Pencina Michael J, D'Agostino Ralph B, Massaro Joseph M
Department of Biostatistics, Harvard Clinical Research Institute, Boston University, CrossTown, 801 Massachusetts Ave., Boston, MA 02118, USA.
Lifetime Data Anal. 2013 Apr;19(2):202-18. doi: 10.1007/s10985-012-9238-0. Epub 2012 Dec 16.

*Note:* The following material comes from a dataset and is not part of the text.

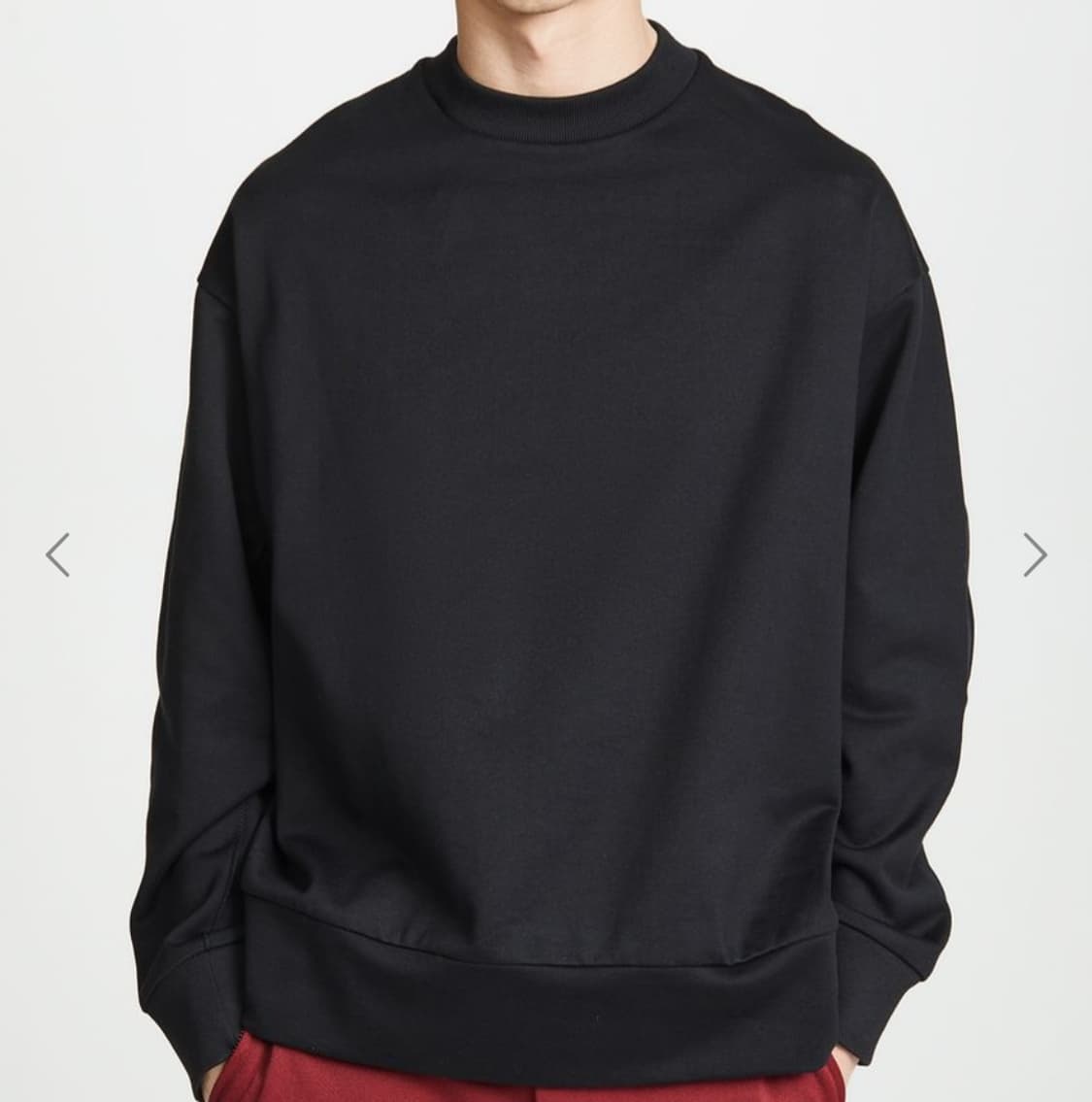 Y-3 아디다스 요지 야마모토 오버사이즈 백로고 크루넥 스웻셔츠블랙XXL 상품이미지10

The area under the receiver operating characteristic curve (AUC) is the most commonly reported measure of discrimination for prediction models with binary outcomes. However, recently it has been criticized for its inability to increase when important risk factors are added to a baseline model with good discrimination. This has led to the claim that the reliance on the AUC as a measure of discrimination may miss important improvements in clinical performance of risk prediction rules derived from a baseline model. In this paper we investigate this claim by relating the AUC to measures of clinical performance based on sensitivity and specificity under the assumption of multivariate normality. The behavior of the AUC is contrasted with that of discrimination slope. We show that unless rules with very good specificity are desired, the change in the AUC does an adequate job as a predictor of the change in measures of clinical performance. However, stronger or more numerous predictors are needed to achieve the same increment in the AUC for baseline models with good versus poor discrimination. When excellent specificity is desired, our results suggest that the discrimination slope might be a better measure of model improvement than AUC. The theoretical results are illustrated using a Framingham Heart Study example of a model for predicting the 10-year incidence of atrial fibrillation.
受试者工作特征曲线(AUC)下的面积是二元结局预测模型中最常报告的区分度度量。然而,最近它受到了批评,因为当将重要风险因素添加到具有良好区分度的基线模型中时,它无法增加。这导致有人声称,依赖AUC作为区分度度量可能会错过从基线模型得出的风险预测规则在临床性能方面的重要改进。在本文中,我们通过在多元正态性假设下将AUC与基于敏感性和特异性的临床性能度量相关联来研究这一说法。将AUC的行为与区分度斜率的行为进行了对比。我们表明,除非需要具有非常高特异性的规则,否则AUC的变化作为临床性能度量变化的预测指标表现良好。然而,对于区分度良好与较差的基线模型,需要更强或更多的预测因子才能在AUC中实现相同的增量。当需要极高的特异性时,我们的结果表明,区分度斜率可能比AUC更适合作为模型改进的度量。使用弗雷明汉心脏研究中预测房颤10年发病率模型的示例说明了理论结果。